Estar em sociedade significa ser dependente. E é impossível sair dessa dependência. Por exemplo: mesmo se eu fosse deixado sozinho numa ilha, eu iria socializar, não ia conseguir parar de comunicar e, inevitavelmente, iria começar a ter um amigo imaginário — que nada mais seria do que a minha própria razão, enquanto valores, ou a perda progressiva deles. Permaneceria a socializar, mesmo que comigo mesmo. Afinal, com quem mais eu socializaria melhor do que com aquele que possui os meus mesmos hábitos? Somos, cada um, uma sociedade de um homem só. E, assim como em qualquer sociedade, considerando uma grande nação ou um pequeno organismo, as crises irão, inevitavelmente, aparecer.

Há muito se discutem o sentido da vida, há pouco percebi, em autoanálise — inspirado por alguns livros e outras experiências-, que o sentido da vida está na morte. Longe de ser uma perspectiva pessimista, muito pelo contrário. Viver é se responsabilizar diariamente pelos seus atos, de forma que essa motivação faça com que, ao contrário do que se espera, você mesmo dite algo para sua vida a partir daquilo que vive, em contraponto com a ideia geral de esperar que a vida faça algo por você.

Enquanto vivermos na monotonia da espera pela mudança espontânea, apenas viveremos esperando o momento em que a vida nos atravessa com aquilo que entendemos por sofrimento. Porém, que fique claro que viver a partir de motivações diárias não nos tornam isentos dos sofrimentos, afinal: as ideias têm consequência, sobretudo quando a potência se torna ato. Tampouco significa que o sofrimento derivado de qualquer experiência vital seja, precisamente, evitável. Pelo contrário: a experiência da frustração nos blinda e nos mostra exatamente aquilo que somos, nossos medos, nossa força, nossos valores, nossa motivação, nosso sentido.

Perguntar-se qual o sentido da vida já é uma interrogação aliviosa. A partir dessa pergunta, inconscientemente partimos de um raciocínio onde a vida tem, ou precisa ter, um sentido. Não conseguiríamos viver em um mundo tão sofrido, amargo, injusto e, muitas vezes, infeliz, caso não houvesse um sentido para isto.
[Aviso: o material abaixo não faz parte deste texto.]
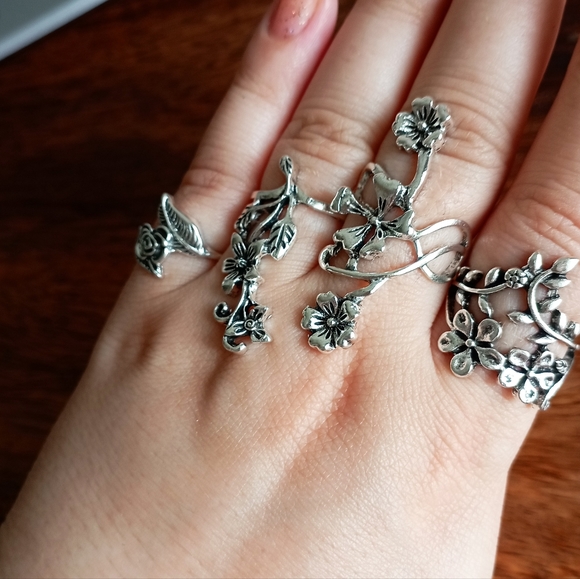 Set of 3 Floral Rings - Picture 3 of 13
Viktor Frankl, em seu livro “Em Busca de Sentido” nos revela que, no campo de concentração, em dado momento, a reflexão feita por ele não era mais se ele viveria após tamanho sofrimento, mas se aquele sofrimento teria algum sentido, caso contrário, não fazia sentido sobreviver ao campo de concentração. Bastaria a morte para pôr fim ao sentido da vida, e aí sim a vida não teria sentido. Porém, como dito acima, vivemos para morrer, mas o que realmente que dá sentido à vida é o trajeto, o caminho, a motivação até o momento derradeiro: “Carpe diem, memento mori” (“Aproveite o dia, mas se lembre da morte).

Experimente fazer esse exercício de escuta: assim como um mergulhador que explora o mar desconhecido, aprofunde-se no outro em silêncio catedrático. Abra bem seus olhos e ouvidos, perceba a gesticulação, o ritmo da voz, a entonação, e, sobretudo, ouça aquilo que o outro fala. Esqueça seu repertório de vida, as comparações, aquilo que pensa, aquilo que discorda e toda e qualquer crítica. Apenas ouça o outro e perceberá que, independentemente de qualquer coisa, o sofrimento existe em maior ou menor categoria, desde a criança que não consegue realizar seus exercícios de caligrafia até o executivo que não consegue gerenciar uma reunião de negócios.

E esse mesmo exercício pode ser feito consigo mesmo. Nesse caso, a chave que destrava o pensamento é procurar, internamente, saber quem ou o que é que te dá sentido, e como isso te ajuda a encontrar a saída para, pelo menos por alguns momentos, se sentir respirando, vivo.